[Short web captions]
★ ★ ★ ★ ★ ★ ★
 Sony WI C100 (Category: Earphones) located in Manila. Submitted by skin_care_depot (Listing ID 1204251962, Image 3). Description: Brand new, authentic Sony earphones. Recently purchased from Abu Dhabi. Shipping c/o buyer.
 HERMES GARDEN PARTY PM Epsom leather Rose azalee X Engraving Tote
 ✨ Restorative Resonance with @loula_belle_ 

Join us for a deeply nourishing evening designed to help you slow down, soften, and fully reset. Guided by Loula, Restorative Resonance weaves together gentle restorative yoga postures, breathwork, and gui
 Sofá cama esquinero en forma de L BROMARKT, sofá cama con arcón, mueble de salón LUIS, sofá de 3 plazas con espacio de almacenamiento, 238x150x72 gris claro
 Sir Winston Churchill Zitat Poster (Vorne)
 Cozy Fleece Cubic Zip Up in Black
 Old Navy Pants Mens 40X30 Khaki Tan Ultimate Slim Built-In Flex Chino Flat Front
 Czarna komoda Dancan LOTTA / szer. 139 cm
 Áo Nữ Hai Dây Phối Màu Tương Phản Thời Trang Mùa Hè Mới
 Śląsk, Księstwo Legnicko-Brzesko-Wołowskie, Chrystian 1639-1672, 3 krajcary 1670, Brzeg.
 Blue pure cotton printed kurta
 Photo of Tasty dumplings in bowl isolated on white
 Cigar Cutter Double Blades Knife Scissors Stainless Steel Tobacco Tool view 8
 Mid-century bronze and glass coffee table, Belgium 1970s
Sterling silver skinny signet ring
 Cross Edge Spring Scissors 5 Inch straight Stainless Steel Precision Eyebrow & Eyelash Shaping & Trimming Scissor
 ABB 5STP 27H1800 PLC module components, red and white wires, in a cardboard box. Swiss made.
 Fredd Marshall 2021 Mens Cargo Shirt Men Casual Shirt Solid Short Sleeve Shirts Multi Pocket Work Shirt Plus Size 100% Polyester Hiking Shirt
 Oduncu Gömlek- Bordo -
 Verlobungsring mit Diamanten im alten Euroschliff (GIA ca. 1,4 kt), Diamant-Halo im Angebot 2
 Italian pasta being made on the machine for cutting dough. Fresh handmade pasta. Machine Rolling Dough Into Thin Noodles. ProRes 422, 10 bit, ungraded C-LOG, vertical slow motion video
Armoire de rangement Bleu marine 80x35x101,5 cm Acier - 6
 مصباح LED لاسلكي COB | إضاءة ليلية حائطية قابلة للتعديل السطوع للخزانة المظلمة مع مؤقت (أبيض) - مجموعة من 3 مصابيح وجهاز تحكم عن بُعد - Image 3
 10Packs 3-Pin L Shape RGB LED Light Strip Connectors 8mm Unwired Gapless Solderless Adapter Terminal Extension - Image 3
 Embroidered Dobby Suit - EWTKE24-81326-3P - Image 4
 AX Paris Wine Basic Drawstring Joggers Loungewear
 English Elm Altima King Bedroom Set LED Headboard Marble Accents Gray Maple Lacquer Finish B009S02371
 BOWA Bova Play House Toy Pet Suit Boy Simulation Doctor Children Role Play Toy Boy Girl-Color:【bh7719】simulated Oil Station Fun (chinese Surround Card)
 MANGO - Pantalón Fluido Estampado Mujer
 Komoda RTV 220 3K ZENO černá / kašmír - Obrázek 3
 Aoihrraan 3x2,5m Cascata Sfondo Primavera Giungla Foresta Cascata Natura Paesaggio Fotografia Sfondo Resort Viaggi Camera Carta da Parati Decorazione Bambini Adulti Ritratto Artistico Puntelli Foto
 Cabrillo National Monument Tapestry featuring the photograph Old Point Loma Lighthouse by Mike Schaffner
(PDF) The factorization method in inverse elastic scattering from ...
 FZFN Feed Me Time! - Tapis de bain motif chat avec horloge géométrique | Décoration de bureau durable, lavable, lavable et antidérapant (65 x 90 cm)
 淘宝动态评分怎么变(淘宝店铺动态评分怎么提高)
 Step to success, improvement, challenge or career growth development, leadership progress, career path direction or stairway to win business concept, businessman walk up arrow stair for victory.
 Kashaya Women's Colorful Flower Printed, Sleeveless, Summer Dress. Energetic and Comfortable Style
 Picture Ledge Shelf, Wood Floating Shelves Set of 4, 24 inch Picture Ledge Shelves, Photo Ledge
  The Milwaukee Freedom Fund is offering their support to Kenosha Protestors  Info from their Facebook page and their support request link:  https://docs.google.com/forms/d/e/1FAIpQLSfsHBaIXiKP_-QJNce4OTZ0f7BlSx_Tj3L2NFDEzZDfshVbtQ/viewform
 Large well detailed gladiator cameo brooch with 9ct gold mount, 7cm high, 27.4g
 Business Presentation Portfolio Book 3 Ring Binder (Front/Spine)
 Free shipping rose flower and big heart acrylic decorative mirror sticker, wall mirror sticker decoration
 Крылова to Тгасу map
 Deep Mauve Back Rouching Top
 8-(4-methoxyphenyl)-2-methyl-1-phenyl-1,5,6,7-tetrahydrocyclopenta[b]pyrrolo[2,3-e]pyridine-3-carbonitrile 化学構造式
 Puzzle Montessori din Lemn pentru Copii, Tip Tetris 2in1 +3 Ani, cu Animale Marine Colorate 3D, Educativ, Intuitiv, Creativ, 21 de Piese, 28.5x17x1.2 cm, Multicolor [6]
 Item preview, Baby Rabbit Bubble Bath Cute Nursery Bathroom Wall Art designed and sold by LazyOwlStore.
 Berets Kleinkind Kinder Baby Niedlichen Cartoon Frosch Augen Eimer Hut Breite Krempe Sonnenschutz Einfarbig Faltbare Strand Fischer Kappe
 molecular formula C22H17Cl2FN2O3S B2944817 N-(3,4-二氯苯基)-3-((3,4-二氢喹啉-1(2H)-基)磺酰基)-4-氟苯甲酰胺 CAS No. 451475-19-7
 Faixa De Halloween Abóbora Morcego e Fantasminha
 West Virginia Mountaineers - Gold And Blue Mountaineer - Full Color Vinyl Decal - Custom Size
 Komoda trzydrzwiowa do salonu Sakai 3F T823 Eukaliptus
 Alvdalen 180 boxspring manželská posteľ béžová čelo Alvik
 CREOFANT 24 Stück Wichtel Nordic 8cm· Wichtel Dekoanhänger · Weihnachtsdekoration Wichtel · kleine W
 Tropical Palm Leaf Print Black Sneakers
★ ★ ★ ★ ★ ★ ★
● **What you have to do**
Look through the data above and return exactly the lines from the one that contains "Fredd Marshall 2021" to the one that contains "Verlobungsring mit Diamanten", inclusive, with nothing else.

● **Solution for this task**
 Fredd Marshall 2021 Mens Cargo Shirt Men Casual Shirt Solid Short Sleeve Shirts Multi Pocket Work Shirt Plus Size 100% Polyester Hiking Shirt
 Oduncu Gömlek- Bordo -
 Verlobungsring mit Diamanten im alten Euroschliff (GIA ca. 1,4 kt), Diamant-Halo im Angebot 2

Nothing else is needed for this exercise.